Último poste da série de 2 de agosto de 2021 > Guiné 61/74 - P22425: Notas de leitura (1368): “Repórter de Guerra”, por Luís Castro; Oficina do Livro, 2007 (2) (Mário Beja Santos)

2 comentários:

Tabanca Grande Luís Graça disse...

Mário, tenho que concordar com as tuas pertinentes observações críticas:

(i) não atualização da "revisão de literatura" (em relação aos 12 últimos anos, ou seja, entre 2005, data da tese de doutoramento, e 2017, data de publicação do livro);

(ii) o "enviesamento" (, de natureza político-ideológica) da "pergunta de investigação, a da hegemonia cabo-verdiana na direção do PAIGC...

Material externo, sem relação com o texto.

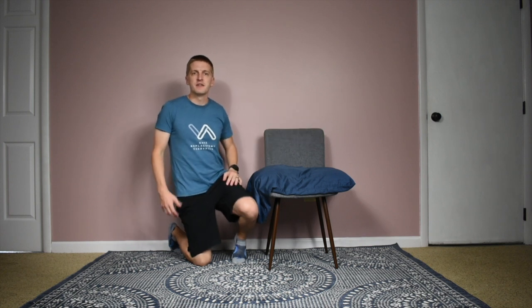Hey everyone, Dr. Luke Peterson here, physical therapist with the Knee Replacement Therapist. In this episode of the Knee to Know show, I'm going to share with you one of the more advanced knee flexion or knee bending range of motion exercises that I like to do and provide for my clients at home after knee replacement surgery.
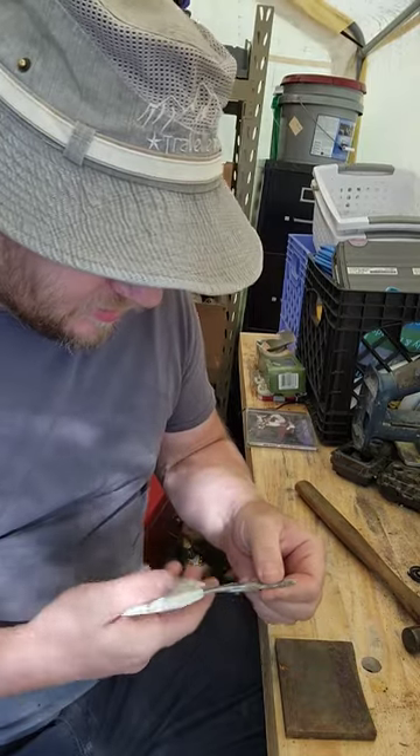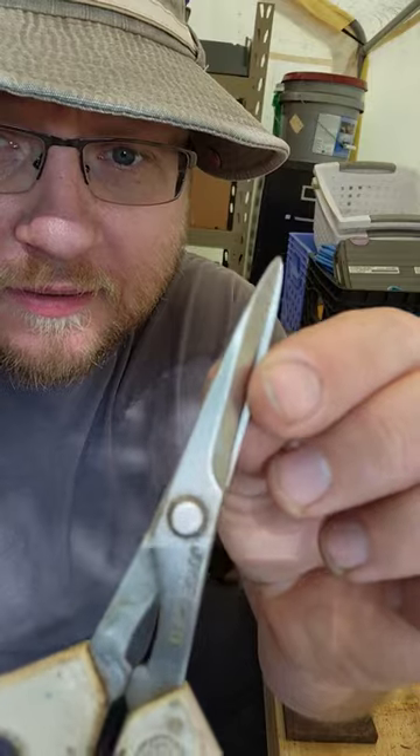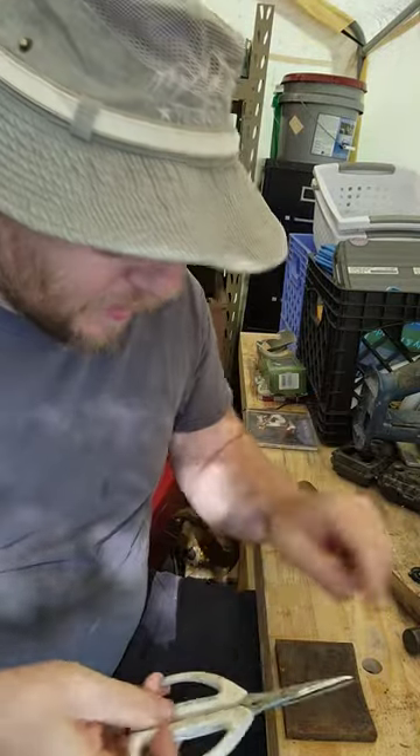We have here on the bench this big chunk of steel we want to use. See how this side is solid and this side is all beat up and banged over? That's because they put the rivet through from this side and pounded it over.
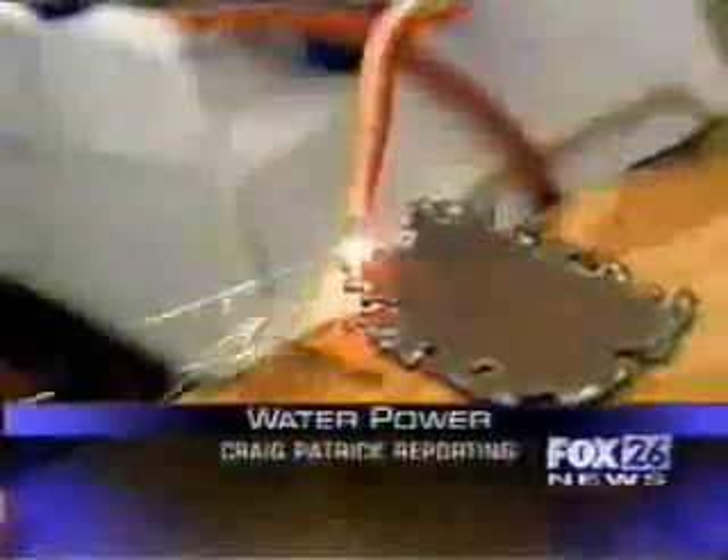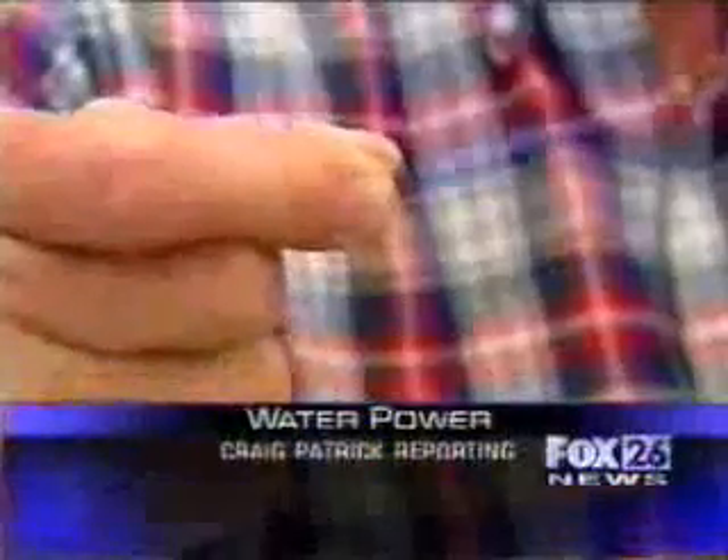Tungsten lights up like a sparkler. Steel, lead, and other metals splice on contact. Yet the tip of the welder stays cool to the touch.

É das coisas mais elementares que se ensina a um doutorando: esquece onde nasceste, despoja-te dos teus preconceitos, não te deixes trair pelos teus valores e sentimentos...

Antº Rosinha disse...

Havia e ainda há o ponto de vista de Caboverdeanos, de um e outro lado, o ponto de vista de fulas e ou de balantas, e outros, e ainda o ponto de vista de Spínola.

E como Beja Santos facilmente aqui desmonta alguns pareceres da autora, imaginemos o que seria aquela "boca" de Spínola que a "Guiné é dos Guinéus", em plena guerra de libertação, aos ouvidos dos futuros autores do assassinato de Amílcar.

Africanizar a guerra por parte do "colon", foi muito fácil.

Não só na Guiné.

Para o PAIGC de Amílcar Cabral, seria a perfeita "quadratura do circulo" se a "UNIDADE GUINÉ CABOVERDE" tivesse resultado.

Quem acreditava plenamente era o irmão de Amílcar Cabral, guineu, Luís que também era guineu.